Teva Announces Termination of Agreements with CureTech
JERUSALEM -- January 31, 2013
Teva Pharmaceutical Industries Ltd. (NYSE: TEVA) announced today the
termination of its collaboration with CureTech Ltd.
"We are in the process of conducting a disciplined review of our pipeline. As
we looked closely at CT-011 and the most recent clinical and biochemical data,
we have made the strategic decision to invest our resources elsewhere where we
can have the most impact for patients,” stated Dr. Michael Hayden, President
and CEO of R&D and Chief R&D Officer.
CT-011 is a humanized monoclonal antibody being developed as a treatment for
hematological malignancies and solid tumors. CT-011 was assessed in several
phase I and II clinical studies in various cancer indications including
diffuse large B-cell lymphoma (DLBCL), colon cancer, metastatic melanoma and
additional investigator initiated studies.
Teva entered into agreements with CureTech in 2006. Teva intends to book a
noncash net charge of $109 million as a result of the impairment of its
investment in CureTech.
Teva Pharmaceutical Industries Ltd. (NYSE: TEVA) is a leading global
pharmaceutical company, committed to increasing access to high-quality
healthcare by developing, producing and marketing affordable generic drugs as
well as innovative and specialty pharmaceuticals and active pharmaceutical
ingredients. Headquartered in Israel, Teva is the world's leading generic drug
maker, with a global product portfolio of more than 1,000 molecules and a
direct presence in about 60 countries. Teva's branded businesses focus on CNS,
oncology, pain, respiratory and women's health therapeutic areas as well as
biologics. Teva currently employs approximately 46,000 people around the world
and reached $18.3 billion in net revenues in 2011.
Teva's Safe Harbor Statement under the U. S. Private Securities Litigation
Reform Act of 1995:
The following discussion and analysis contains forward-looking statements,
which express the current beliefs and expectations of management. Such
statements involve a number of known and unknown risks and uncertainties that
could cause our future results, performance or achievements to differ
significantly from the results, performance or achievements expressed or
implied by such forward-looking statements. Important factors that could cause
or contribute to such differences include risks relating to: our ability to
develop and commercialize additional pharmaceutical products, competition from
the introduction of competing generic equivalents and due to increased
governmental pricing pressures, the effects of competition on sales of our
innovative medicines, especially Copaxone® (including competition from
innovative orally-administered alternatives as well as from potential generic
equivalents), potential liability for sales of generic medicines prior to a
final resolution of outstanding patent litigation, including that relating to
our generic version of Protonix®, the extent to which we may obtain U.S.
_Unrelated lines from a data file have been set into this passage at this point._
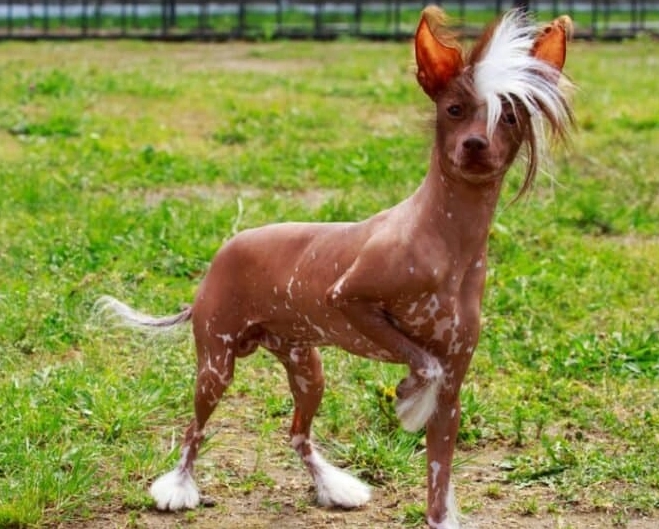 weirdest looking dogs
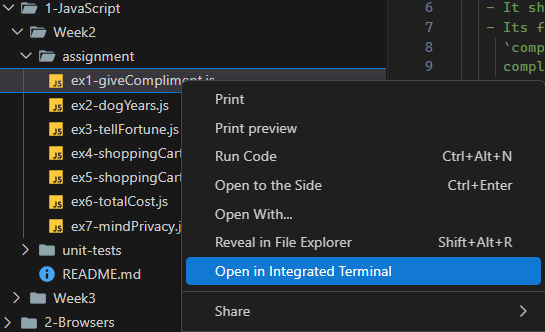 Open in Integrated Terminal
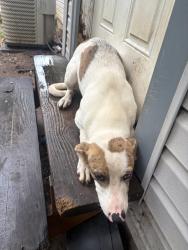 Found/Stray Male Dog last seen Near Main Street. Behind Dairy Queen and chic fil a, Cleburne, TX 76033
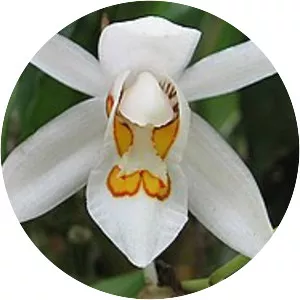 Sessa Orchid Sanctuary - 
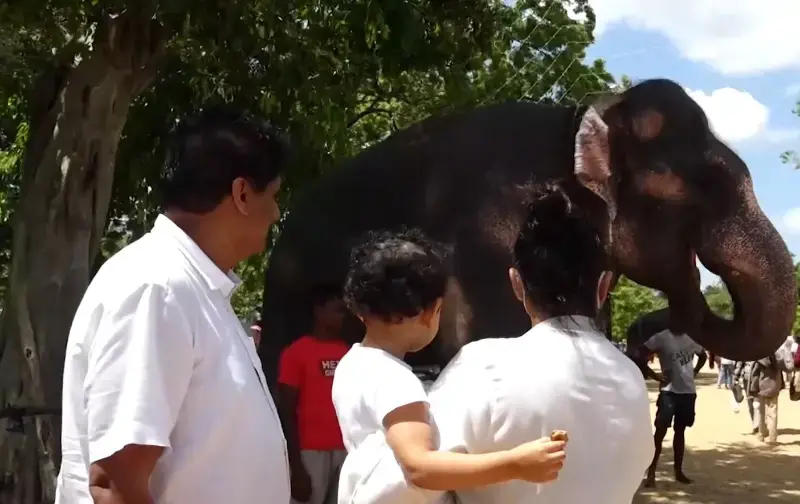 gossiplanka image 10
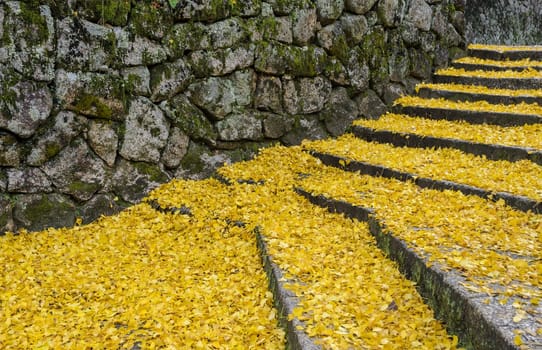 Fallen autumn yellow leaves of ginkgo tree on steps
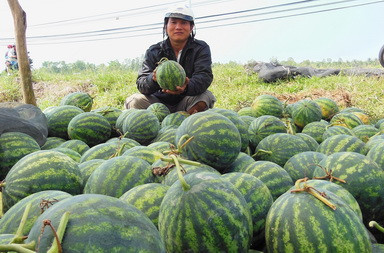 Người nông dân đồng bằng sông Cửu Long cũng từng bị thiệt hại nặng do tin đồn "sử dụng hóa chất Trung Quốc". Người nông dân đồng bằng sông Cửu Long cũng từng bị thiệt hại nặng do tin đồn "sử dụng hóa chất Trung Quốc".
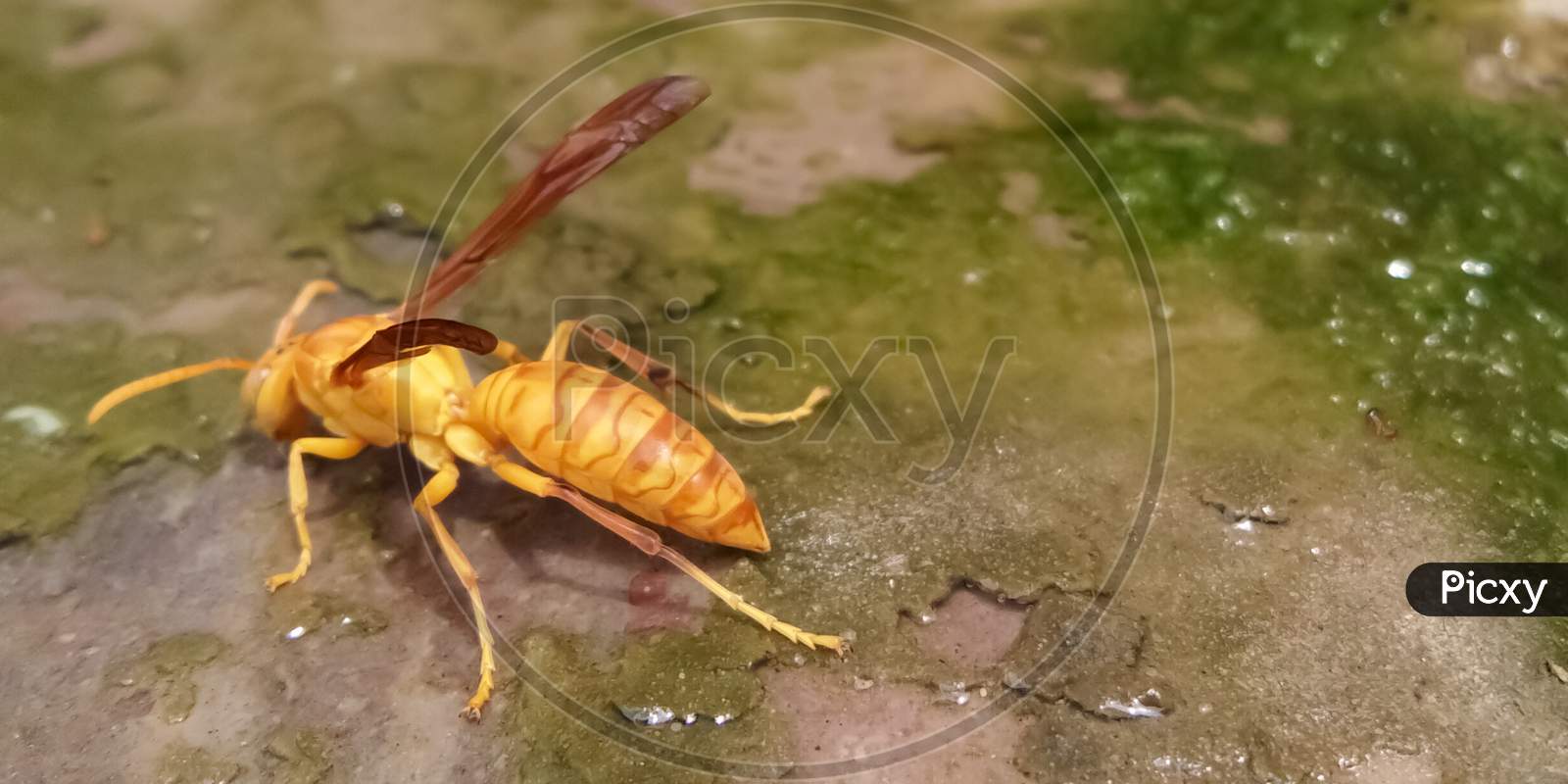 Yellow wasp on the ground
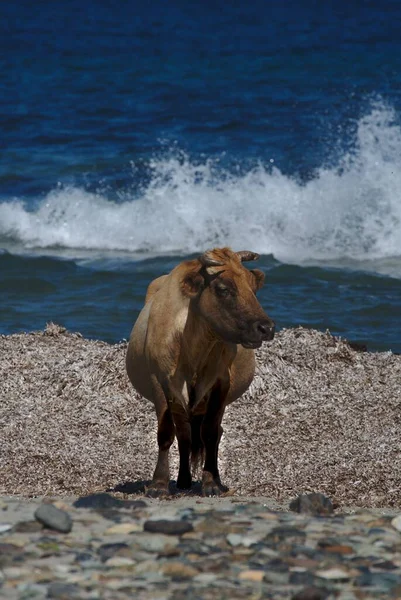 Eine Vertikale Aufnahme Einer Kuh Meer Auf Korsika Frankreich — Stockfoto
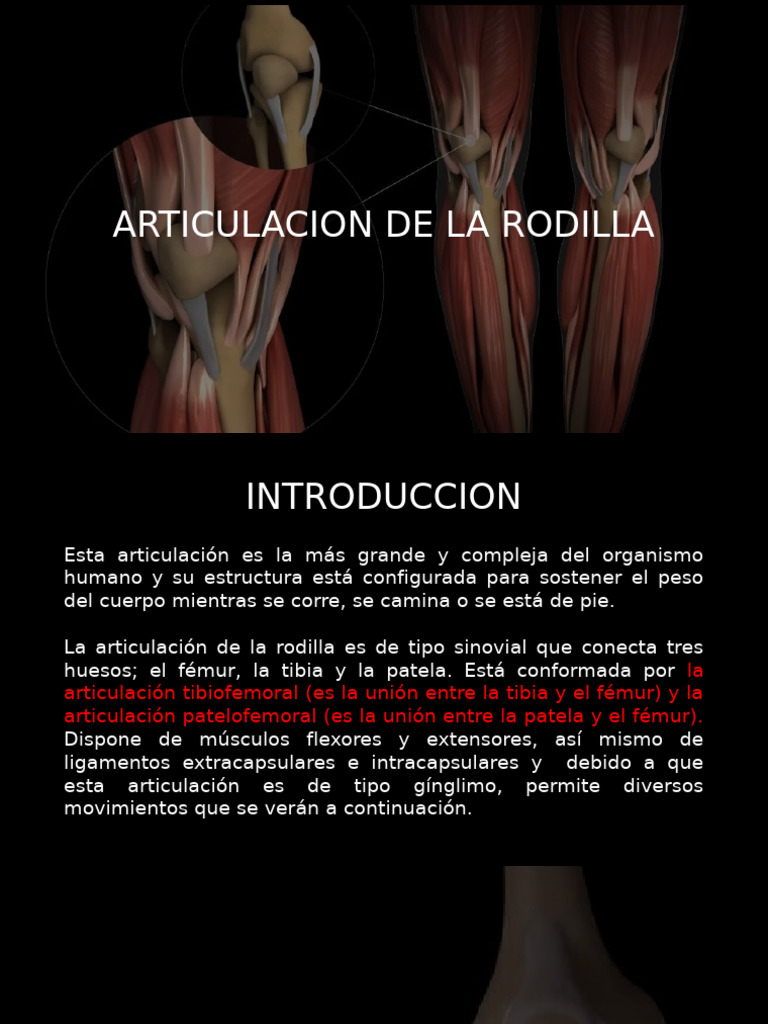 Biomecanica - Equipo Madm | PDF | Rodilla | Tejido suave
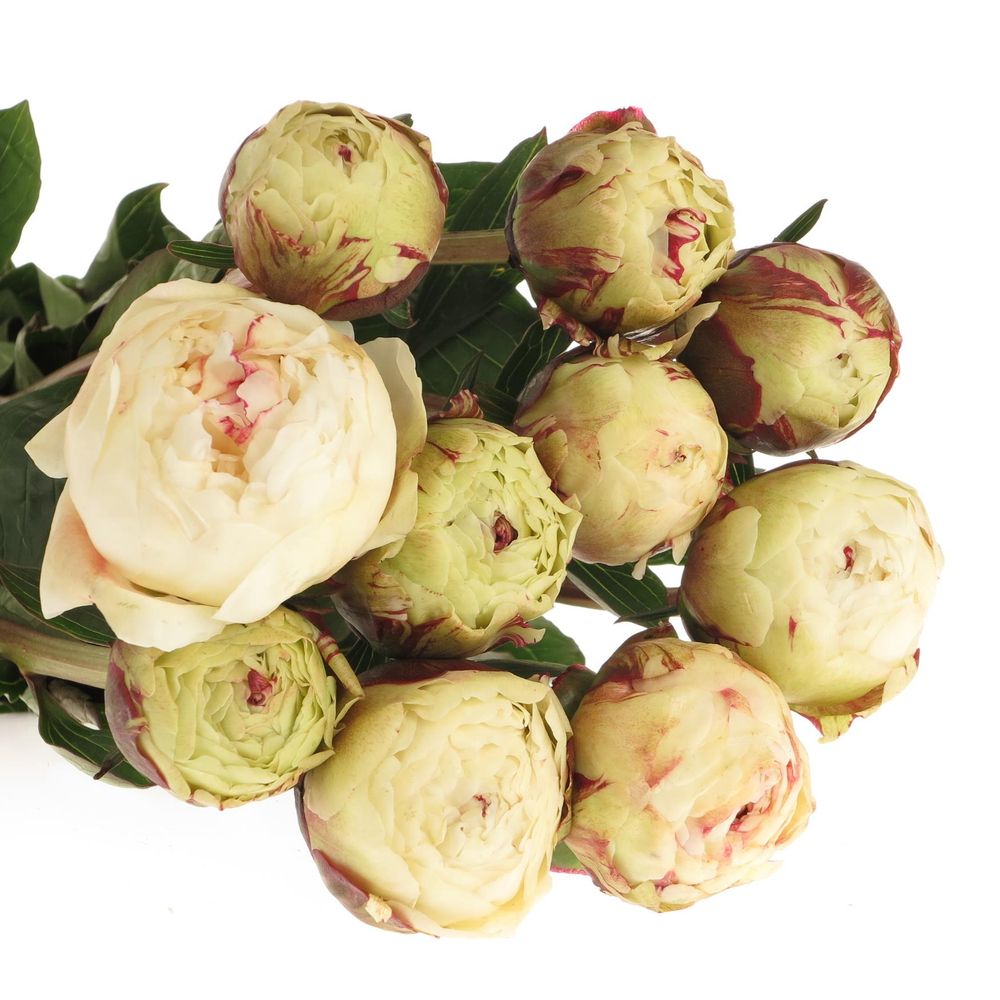 Pfingstrose weiss/rosa gefüllt Neigge 60cm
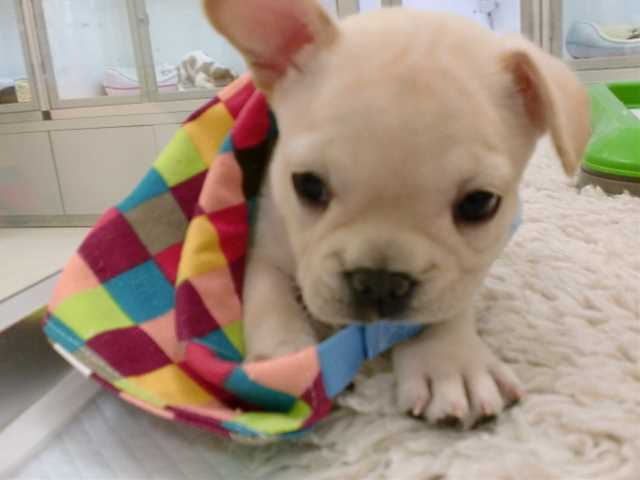 こぶたん、夢うつつ…☆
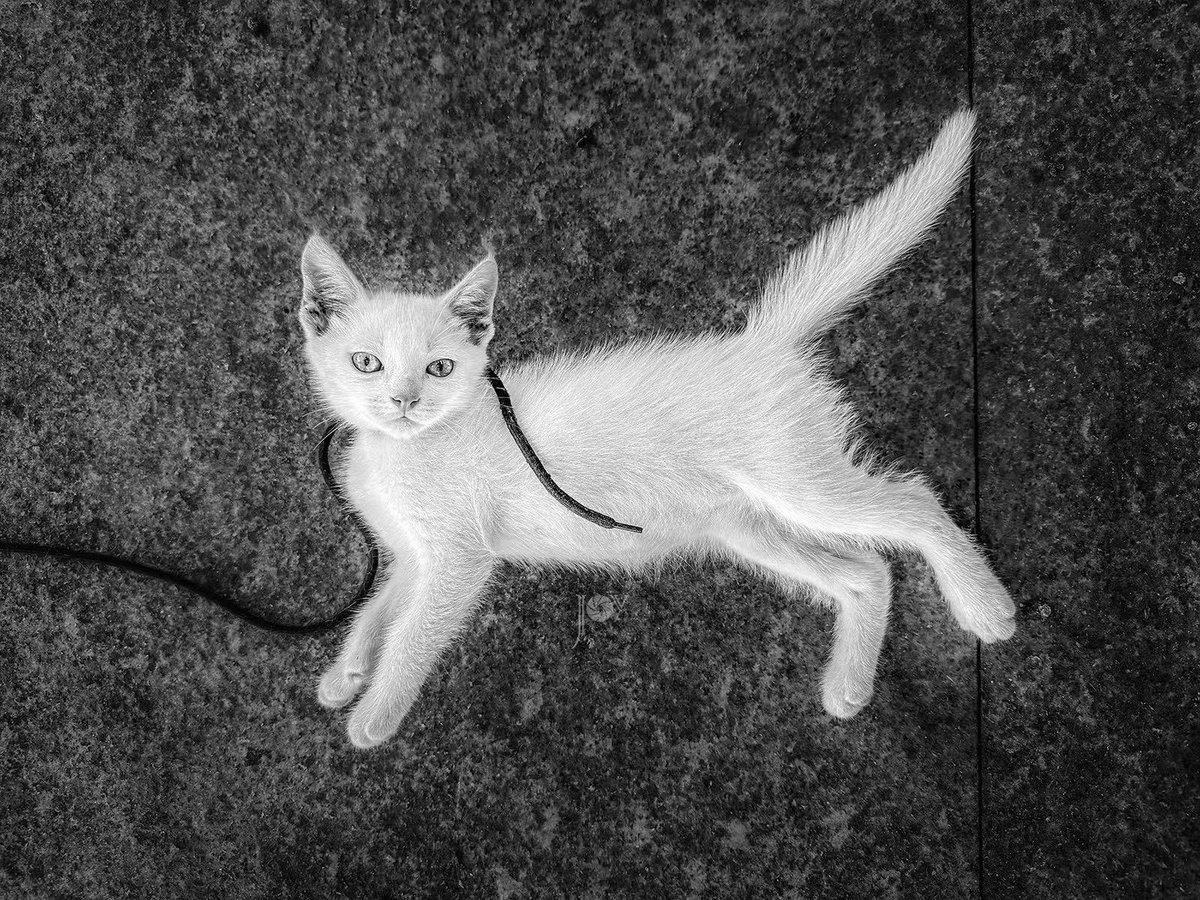 Joy_X_714's tweet photo. #shotoniphone #streetphotography #streetsnap #china #cat #life #byphone https://t.co/wJaqsrgBgf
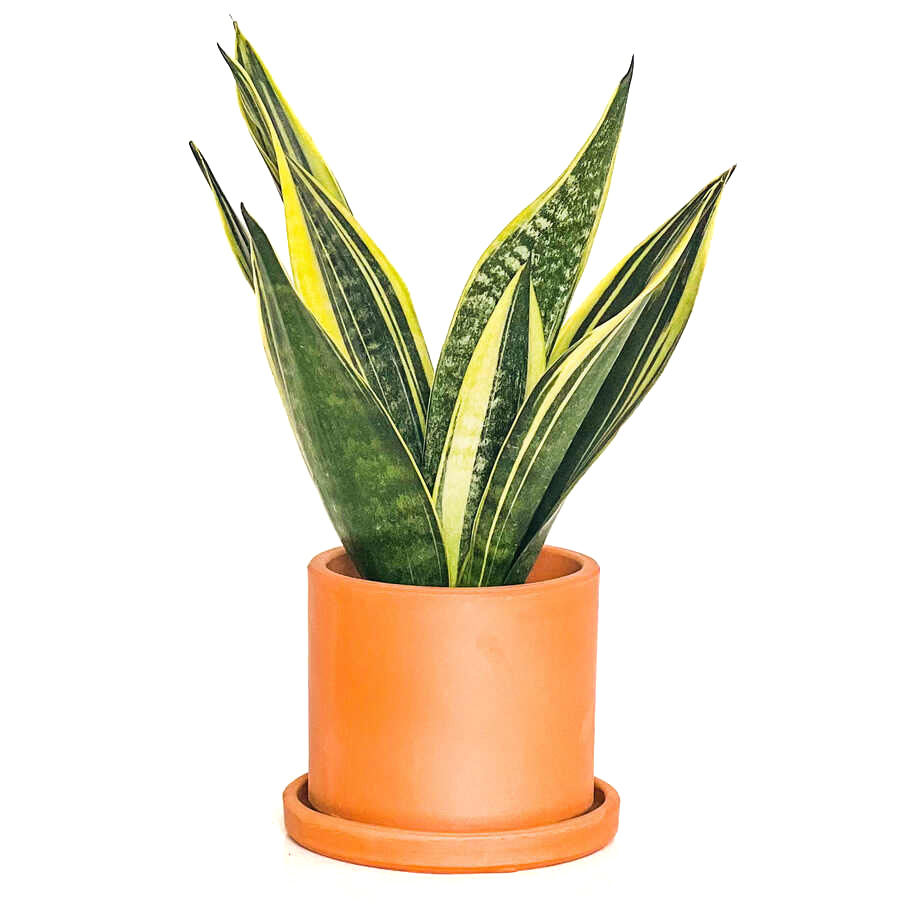 Paşa Kılıcı Mini (Sansevieria Gold Flame) Ruby
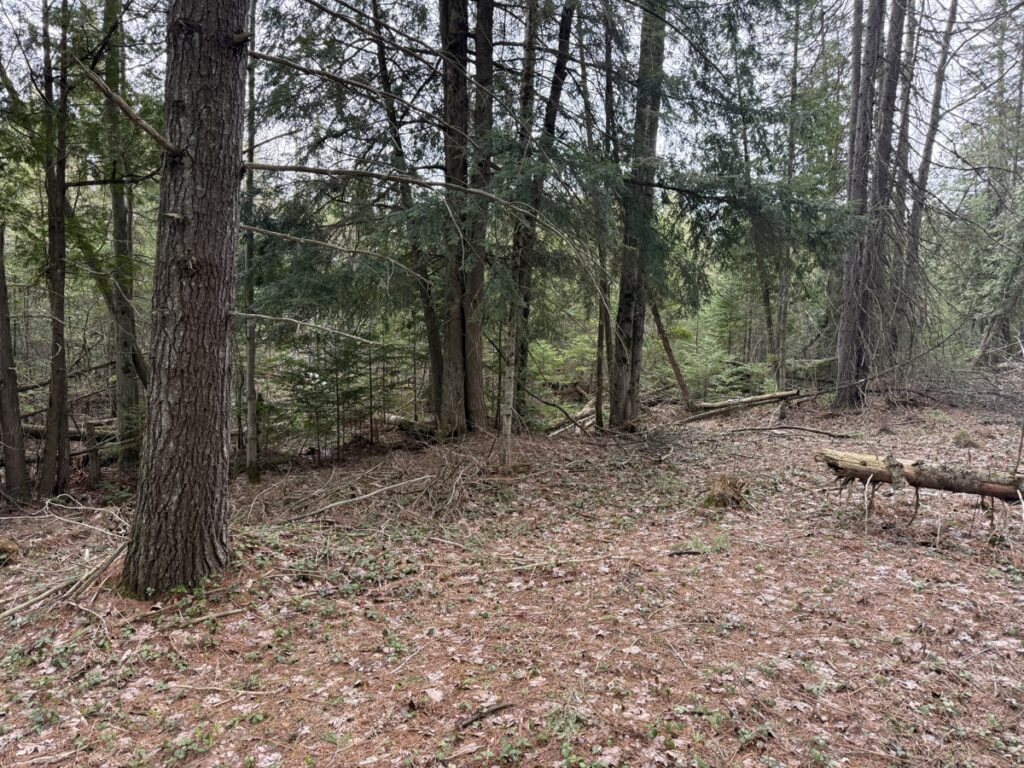Property photo for land for sale in Kalkaska County Michigan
market exclusivity for certain of our new generic medicines, the extent to
which any manufacturing or quality control problems damage our reputation for
high quality production and require costly remediation, our ability to
identify, consummate and successfully integrate acquisitions, our ability to
achieve expected results through our innovative R&D efforts, dependence on the
effectiveness of our patents and other protections for innovative medicines,
intense competition in our specialty pharmaceutical businesses, uncertainties
surrounding the legislative and regulatory pathway for the registration and
approval of biotechnology-based medicines, our potential exposure to product
liability claims to the extent not covered by insurance, any failures to
comply with the complex Medicare and Medicaid reporting and payment
obligations, our exposure to currency fluctuations and restrictions as well as
credit risks, the effects of reforms in healthcare regulation and
pharmaceutical pricing and reimbursement, adverse effects of political
instability and adverse economic conditions, major hostilities or acts of
terrorism on our significant worldwide operations, increased government
scrutiny in both the U.S. and Europe of our agreements with brand companies,
interruptions in our supply chain or problems with our information technology
systems that adversely affect our complex manufacturing processes, the impact
of continuing consolidation of our distributors and customers, the difficulty
of complying with U.S. Food and Drug Administration, European Medicines Agency
and other regulatory authority requirements, potentially significant
impairments of intangible assets and goodwill, potential increases in tax
liabilities resulting from challenges to our intercompany arrangements, the
termination or expiration of governmental programs or tax benefits, any
failure to retain key personnel or to attract additional executive and
managerial talent, environmental risks, and other factors that are discussed
in our Annual Report on Form 20-F for the year ended December 31, 2011 and in
our other filings with the U.S. Securities and Exchange Commission (“SEC”).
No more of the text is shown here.